Mumbai: Reserve Bank of India (RBI) governor Raghuram Rajan on Friday said the central bank is committed to bringing down high inflation, suggesting that an interest rate cut is not in the offing in the near term, even though growth remains sluggish in Asia’s third largest economy.
Rajan was speaking at the Institute for Indian Economic Studies in Tokyo.
The central bank is set to review its monetary policy on Tuesday and most economists expect Rajan to hold rates given the continuing high inflation in the economy. A cut will further spur demand and could add to inflation and inflationary expectations.
Retail inflation in April stood at 8.59% as compared with 8.31% in the previous month, even as wholesale price inflation eased to 5.2% in April from 5.7% in March.
Since he took over in September, Rajan, former chief economist at the International Monetary Fund (IMF), has hiked the key lending rate, repo, by 75 basis points (bps) to fight inflation.
One basis point is one-hundredth of a percentage point.

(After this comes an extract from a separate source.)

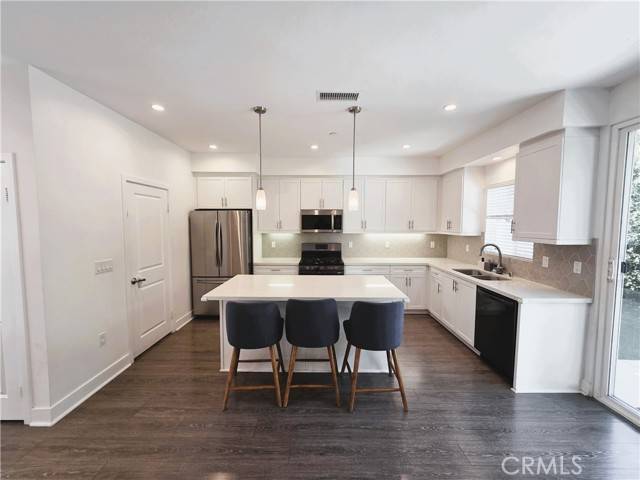 Reseda (los Angeles), CA 91335,6747 Rhea Court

Addressing the need to revive growth in the Indian economy, Rajan said on Friday the big task for the new Bhartiya Janata Party (BJP)-led government in the short term is to revive growth. He added that “large expectations” have built up for India under the new government, according to Bloomberg.
The government will release gross domestic product (GDP) growth data for the January-March quarter and for fiscal year 2013-14 on Friday. Bloomberg estimates that India’s economy grew by 4.7% in the final quarter of the year. In the December-quarter, GDP grew by 4.7% compared with 4.8% in the September quarter.
Rajan said fiscal consolidation in India is possible. The bond markets have been expecting the new government to try and narrow the fiscal deficit and hence pare the level of government borrowings.
On Friday, the benchmark 10-year bond yield fell to 8.6%, the lowest in four months. The 10-year bond yield has fallen 23 basis points since 16 May when the new government was voted into power with a majority.
Bond yields and bond prices move inversely.